Para culminar su extravagante concepción, Lynch atribuye a una joven polaca (Karolina Gruszca) el papel de espectadora dentro de la película: recluida en un hotel y condenada desde el principio a contemplar en una pantalla de televisión las increíbles aventuras de Laura Dern en “Lynchlandia” (incluida la sitcom de los conejos, una de las atracciones más desconcertantes de este parque temático sólo para fans). Una vez concluido el rodaje, tras la filmación de una escena especialmente crítica ambientada en Hollywood Boulevard donde muere como personaje y resucita como mujer y no sólo como actriz, Laura Dern se encuentra en condiciones de rescatar a esta dulce princesa polaca tras matar a tiros al monstruo de rostro grotesco (una mueca deforme del rostro de la propia Laura Dern, cuyos fantasmas y servidumbres se reflejan ahí) que la mantiene prisionera, como en un cuento de hadas perverso, en la habitación 47 de un destartalado hotel de pesadilla. Al entrar Laura Dern, las dos mujeres cómplices se abrazan y besan en la boca, como en un remake descontextualizado de Mulholland Drive, antes de que la actriz desaparezca como un fantasma entre los brazos de la espectadora liberada, volviendo a su realidad tras haber cumplido con la misión simbólica de redimir a las mujeres y, sobre todo, salvarlas del infierno conyugal, sexual o vital en que han vivido hasta ahora (un infierno real construido por el amor, como el de Dante, y también por el odio).

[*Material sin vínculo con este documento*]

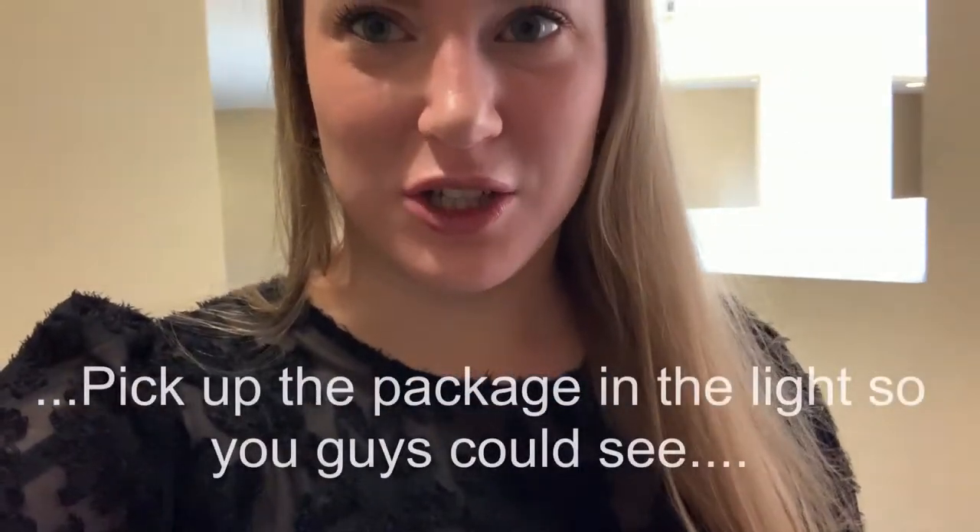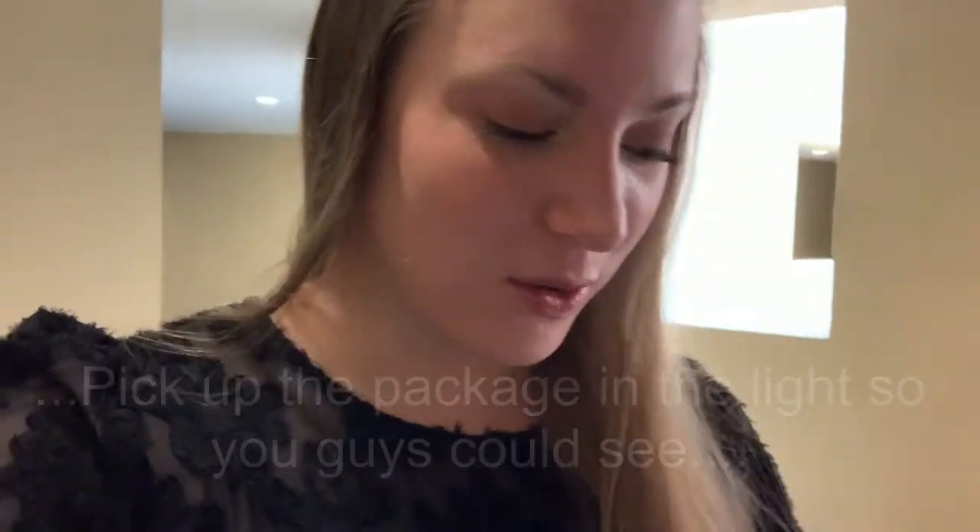Hi guys, so today is day four of Blogmas. This is actually more of a vlog style. I have to be at work, so I am rushing to the mailbox because I got a notification that something came in the mail yesterday, but I wanted to go in the light so I can kind of give a mini little walkthrough.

Como su homólogo Brian de Palma, David Lynch ha sido acusado muchas veces de misógino. En Inland Empire, en cambio, usando a Laura Dern como médium sonámbula, se adentra culpabilizado en el imperio íntimo del imaginario masculino, una húmeda caverna cerebral donde se proyectan fantasías de poder y humillación sexual en sesión continua, para libertar a todas las mujeres, ricas o pobres, americanas o polacas, casadas o solteras, burguesas o prostitutas, lesbianas o “heteros”, adúlteras o fieles, del deseo imperioso que las convierte en objetos de usar y tirar (como hace Hollywood con sus actrices, compradas o vendidas en el gran “mercado de la carne de estrella”).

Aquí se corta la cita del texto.